Icechunk provides configurable retries and timeouts to handle unreliable networks.

Note

If you encounter errors or operations that you believe should be retried but aren't, please open an issue.

Retries: StorageRetriesSettings#

Controls retry behavior for all storage operations (reads, writes, deletes).

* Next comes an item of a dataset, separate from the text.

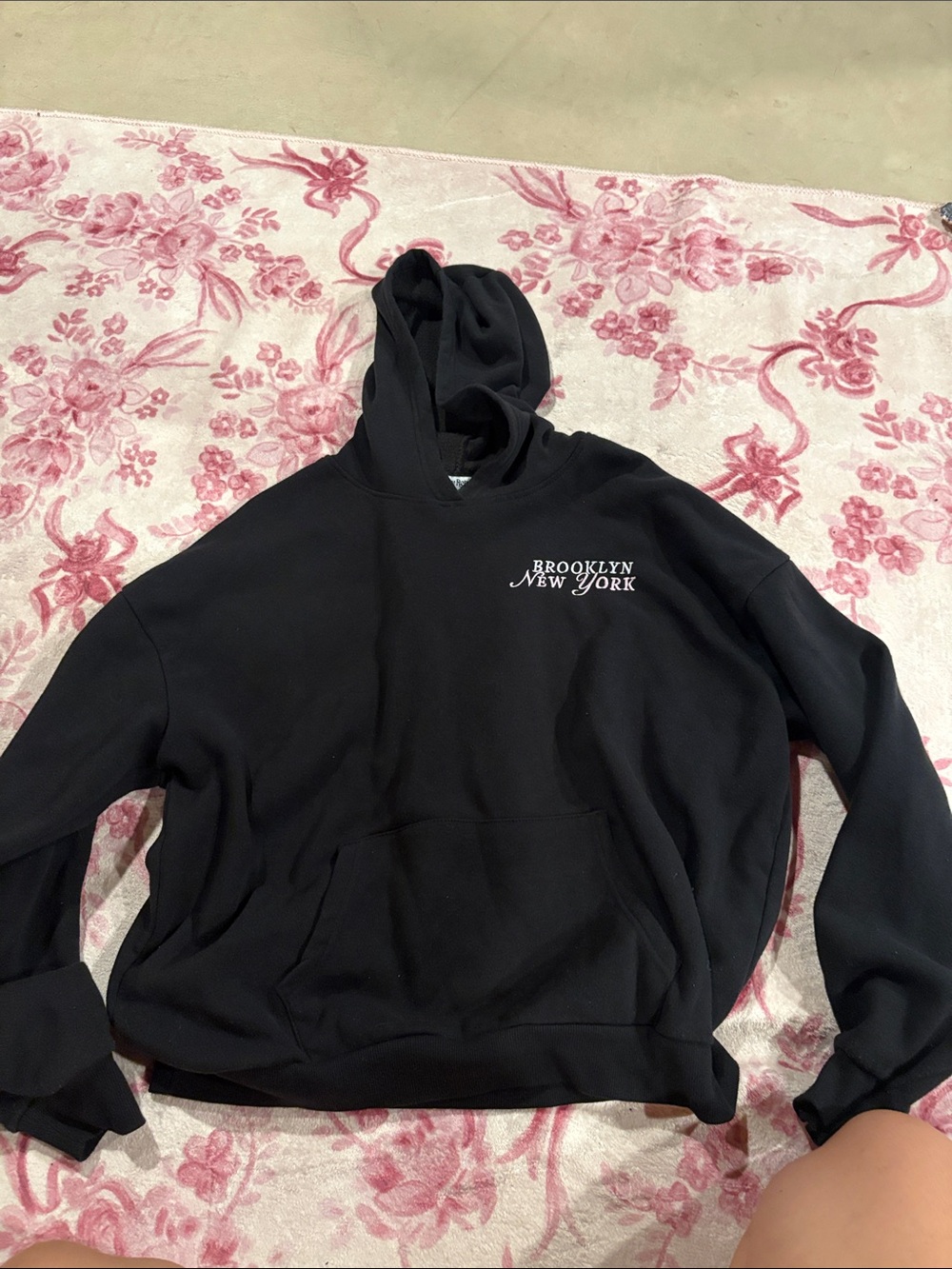 Sunday Retreat Brooklyn New York Black Hoodie - Women’s Casual Pullover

Parameter Default Description
max_tries 10 Maximum number of attempts (including the initial request)
initial_backoff_ms 100 Initial delay (ms) for the exponential backoff stage
max_backoff_ms 180,000 (3 min) Maximum delay (ms) between retries
import icechunk

config = icechunk.RepositoryConfig.default()
config.storage.retries = icechunk.StorageRetriesSettings(
    max_tries=20,
    initial_backoff_ms=200,
    max_backoff_ms=60_000,
)

Timeouts: StorageTimeoutSettings#

Controls connect, read, and operation timeouts for the underlying S3 client. All values are in milliseconds. By default, these are unset and the AWS SDK defaults apply.

Parameter Description
connect_timeout_ms Time allowed to establish a TCP connection
read_timeout_ms Time allowed to read a single response
operation_timeout_ms Total time allowed for an entire operation (including all retries)
operation_attempt_timeout_ms Time allowed for a single attempt of an operation
config.storage.timeouts = icechunk.StorageTimeoutSettings(
    connect_timeout_ms=5_000,
    read_timeout_ms=30_000,
    operation_timeout_ms=300_000,
    operation_attempt_timeout_ms=60_000,
)

Stalled stream detection#

A stalled network stream is an HTTP connection which does not transfer any data over a certain period. Stalled connections may occur in the following situations:

  • When the client is connecting to a remote object store behind a slow network connection.
  • When the client is behind a VPN or proxy server which is limiting the number or throughput of connections between the client and the remote object store.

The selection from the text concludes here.